EXERCISE DETAILS:
Set down all of the data that follows word for word, without the images.

====== DATASET EXTRACT ======

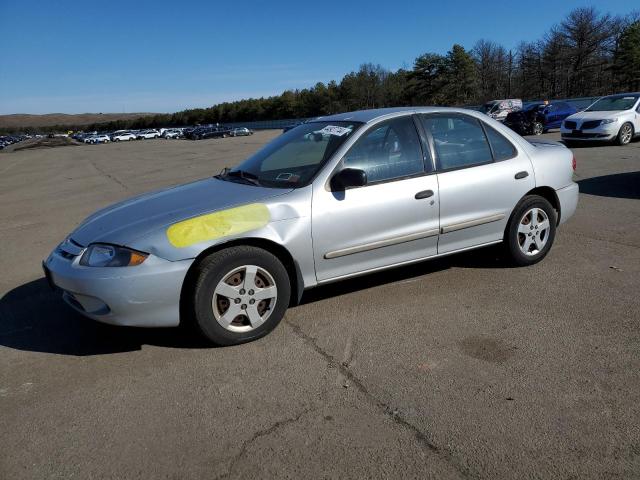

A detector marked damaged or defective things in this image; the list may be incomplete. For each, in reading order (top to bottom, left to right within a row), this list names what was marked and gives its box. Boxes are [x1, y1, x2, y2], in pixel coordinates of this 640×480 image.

yellow damage marker [166, 202, 268, 248]
cracked pavement [0, 132, 636, 480]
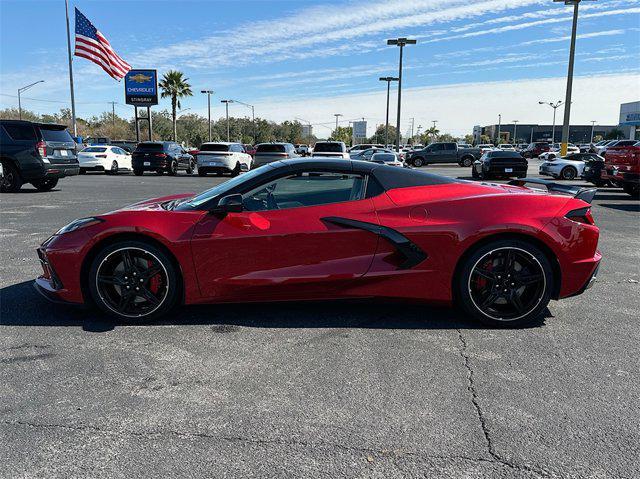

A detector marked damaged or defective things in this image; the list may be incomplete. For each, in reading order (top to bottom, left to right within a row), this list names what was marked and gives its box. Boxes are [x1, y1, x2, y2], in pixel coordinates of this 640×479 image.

crack in asphalt [3, 418, 544, 474]
crack in asphalt [456, 332, 556, 478]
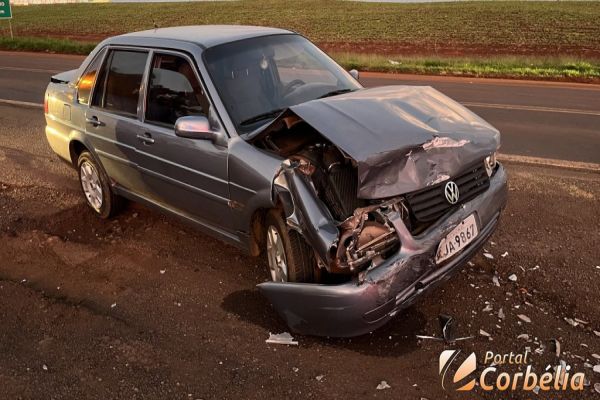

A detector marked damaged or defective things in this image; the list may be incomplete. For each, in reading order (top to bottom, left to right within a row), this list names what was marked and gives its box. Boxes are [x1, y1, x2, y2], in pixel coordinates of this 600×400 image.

damaged volkswagen sedan [44, 25, 508, 338]
crumpled front bumper [256, 164, 506, 336]
destroyed hood [288, 86, 500, 198]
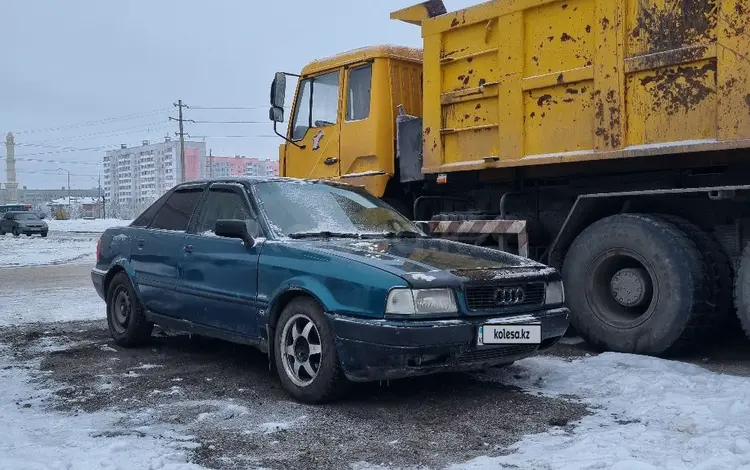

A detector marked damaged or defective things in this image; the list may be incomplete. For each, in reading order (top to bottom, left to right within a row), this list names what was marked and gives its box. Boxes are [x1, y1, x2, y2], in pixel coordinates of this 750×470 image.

rust spot on truck [636, 0, 716, 53]
rust spot on truck [640, 61, 716, 114]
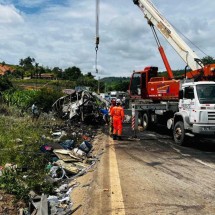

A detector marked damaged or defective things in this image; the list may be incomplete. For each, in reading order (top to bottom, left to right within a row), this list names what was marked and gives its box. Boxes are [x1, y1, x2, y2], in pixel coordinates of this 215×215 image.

crumpled vehicle wreckage [52, 89, 109, 122]
broken windshield [197, 84, 215, 104]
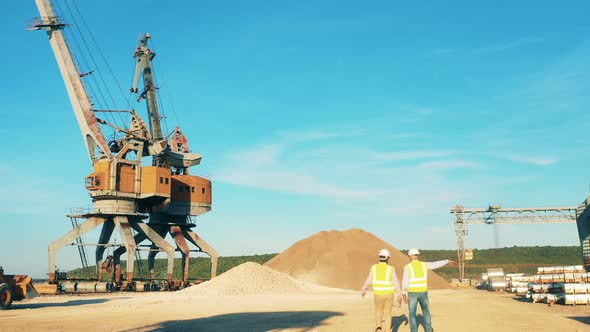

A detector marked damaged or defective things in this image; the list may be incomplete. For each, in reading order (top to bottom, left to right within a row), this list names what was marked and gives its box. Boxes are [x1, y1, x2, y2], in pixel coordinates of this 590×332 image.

rusty port crane [28, 0, 219, 294]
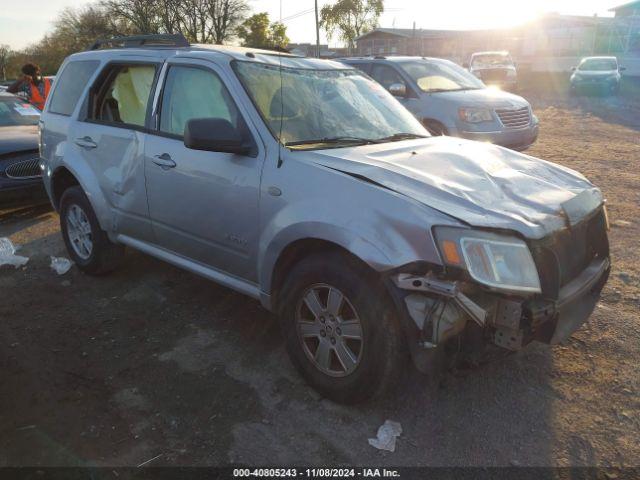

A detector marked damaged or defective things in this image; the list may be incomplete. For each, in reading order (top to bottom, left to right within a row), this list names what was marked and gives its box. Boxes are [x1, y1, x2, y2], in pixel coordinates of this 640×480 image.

shattered headlight [458, 107, 492, 124]
damaged silver suv [38, 35, 608, 404]
dented hood [308, 136, 604, 239]
shattered headlight [436, 228, 540, 294]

======

SOLUTION:
A detector marked damaged or defective things in this image; the list may be incomplete. For each, in reading order (top to bottom, left to right within a row), this list names what was marked and gives its box. Boxes are [x1, y1, x2, y2], in pixel coordinates of this 640×480 image.

yellow damage marker [166, 202, 268, 248]
cracked pavement [0, 132, 636, 480]

A detector marked damaged or defective things in this image; the list may be incomplete. For each, in reading order (top to bottom, left to right within a row), this list names what was marked and gives its box. Boxes are [x1, y1, x2, y2], in pixel coordinates of this 640×479 image.

crack in asphalt [3, 418, 544, 474]
crack in asphalt [456, 332, 556, 478]

A detector marked damaged or defective things in this image; the list may be incomplete. For each, in reading order (top to bottom, left to right within a row), this list names what was marked and gives its box. Boxes are [x1, y1, x2, y2], in pixel coordinates of this 600×400 image.

damaged volkswagen sedan [44, 25, 508, 338]
crumpled front bumper [256, 164, 506, 336]
destroyed hood [288, 86, 500, 198]

A detector marked damaged or defective things in this image; the list may be incomplete. For each, in reading order (top to bottom, left to right within a row), this list names what was marked and gives its box. Boxes are [x1, y1, x2, y2], in pixel coordinates of this 750×470 image.

rust spot on truck [636, 0, 716, 53]
rust spot on truck [640, 61, 716, 114]

A detector marked damaged or defective things in this image; the list may be incomplete. For each, in reading order (top to bottom, left to right within a row), this list names what was marked and gives its box. Boxes are [x1, y1, x2, y2], in pixel coordinates of this 215×215 image.

crumpled vehicle wreckage [52, 89, 109, 122]
broken windshield [197, 84, 215, 104]

A detector marked damaged or defective things in this image; the list may be incomplete. For each, in reading order (top to bottom, left to right within a row), this list names what was marked and gives its box. Boxes are [x1, y1, x2, y2], in pixel coordinates of this 590×332 image.

rusty port crane [28, 0, 219, 294]

A detector marked damaged or defective things in this image; the list may be incomplete. For each, in reading order (top to bottom, left to right within a row), this list names what was marked and gives its box. Boxes are [x1, y1, x2, y2], in pixel coordinates of this 640×480 image.

shattered headlight [458, 107, 492, 124]
damaged silver suv [38, 35, 608, 404]
dented hood [308, 136, 604, 239]
shattered headlight [436, 228, 540, 294]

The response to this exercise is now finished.